Optimizing Deep Learning Inference on Embedded Systems Through Adaptive Model Selection (1911.04946v1)

Published 9 Nov 2019 in cs.LG, cs.DC, and cs.PF

Abstract: Deep neural networks ( DNNs ) are becoming a key enabling technology for many application domains. However, on-device inference on battery-powered, resource-constrained embedding systems is often infeasible due to prohibitively long inferencing time and resource requirements of many DNNs. Offloading computation into the cloud is often unacceptable due to privacy concerns, high latency, or the lack of connectivity. While compression algorithms often succeed in reducing inferencing times, they come at the cost of reduced accuracy. This paper presents a new, alternative approach to enable efficient execution of DNNs on embedded devices. Our approach dynamically determines which DNN to use for a given input, by considering the desired accuracy and inference time. It employs machine learning to develop a low-cost predictive model to quickly select a pre-trained DNN to use for a given input and the optimization constraint. We achieve this by first off-line training a predictive model, and then using the learned model to select a DNN model to use for new, unseen inputs. We apply our approach to two representative DNN domains: image classification and machine translation. We evaluate our approach on a Jetson TX2 embedded deep learning platform and consider a range of influential DNN models including convolutional and recurrent neural networks. For image classification, we achieve a 1.8x reduction in inference time with a 7.52% improvement in accuracy, over the most-capable single DNN model. For machine translation, we achieve a 1.34x reduction in inference time over the most-capable single model, with little impact on the quality of translation.

Citations (56)

View on Semantic Scholar

Summary

The paper's main contribution is an adaptive model selection method that dynamically chooses pre-trained DNNs to optimize both accuracy and inference time.
The methodology leverages a premodel that analyzes input features with correlation-based selection to identify the best performing model under constraints.
Experimental evaluation on NVIDIA Jetson TX2 shows up to a 1.8x reduction in inference time for image classification while maintaining robust accuracy.

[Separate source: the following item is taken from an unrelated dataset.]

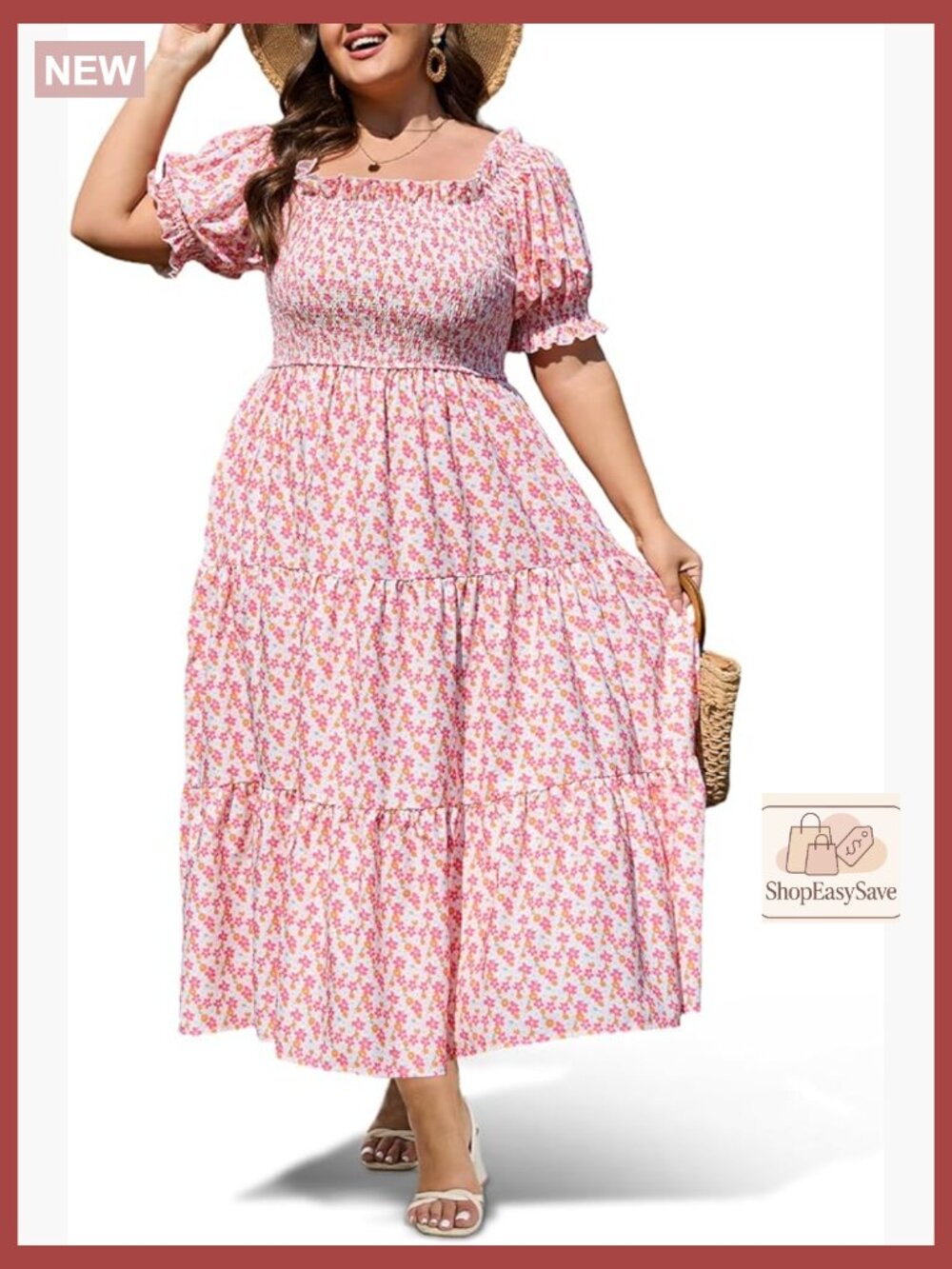 Plus Size Maxi Dress Square Neck Smocked Puff Sleeve Flowy Summer Casual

Optimizing Deep Learning Inference on Embedded Systems Through Adaptive Model Selection

Introduction

The computational demands of deep neural networks (DNNs) pose significant challenges for embedded systems, which are often constrained by limited resources and power. This paper addresses the problem through an adaptive model selection approach that dynamically chooses the most suitable pre-trained DNN for a given input, thus optimizing for accuracy and inference time.

Methodology

The presented approach employs a predictive model—termed the "premodel"—to select the appropriate DNN for each input. This selection process leverages a machine learning model trained offline, which considers various input characteristics and performance constraints. The approach is evaluated across image classification and machine translation domains, showcasing its versatility.

Key Techniques

Premodel Design: The core of the methodology is the premodel, designed to rapidly infer which DNN to use based on input features. It achieves this by examining input features and previously trained models to make dynamic, real-time decisions.
Feature Selection: The paper discusses the importance of feature selection in building a successful predictive model. Using correlation-based selection and iterative evaluation, important features are identified which significantly impact model accuracy.
Model Selection Algorithm: A sequence of model selection strategies is introduced to determine which DNNs are included in the premodel, balancing between accuracy improvements and inference time.

Figure 1: Overview of our approach.

Experimental Evaluation

The approach was tested on a NVIDIA Jetson TX2 platform across two domains: image classification using various CNNs and machine translation using neural translation models. Key findings include:

Inference Time: For image classification, the approach achieved a 1.8x reduction in inference time compared to the best-performing single model while maintaining accuracy. For machine translation, it reached a 1.34x reduction in inference time with negligible impact on translation quality.
Accuracy: The approach enhanced the top-one and top-five accuracy over single DNNs. It demonstrated the ability to deliver comparable or improved accuracy while optimizing resource usage.

Figure 2: Image Classification -- Overall performance of our approach against individual models and an Oracle for inference time (a), energy consumption (b), accuracy (c), and precision, recall, and F1 scores (d).

Implications and Future Work

The adaptive model selection strategy demonstrates a promising direction for optimizing embedded inference without requiring cloud offloading, thus preserving privacy and reducing latency. Future work could explore integrating machine learning-based cost modeling to account for the potential of offloading computations to nearby cloud resources.

Conclusion

The research introduces an effective approach for dynamically selecting among multiple DNNs based on input characteristics and performance constraints. By providing a generalizable methodology spanning different types of neural networks, the paper advances the feasibility of deploying complex deep learning models on resource-constrained embedded devices. Further optimization might include processor-specific adaptations and exploring additional model compression techniques for broader applicability.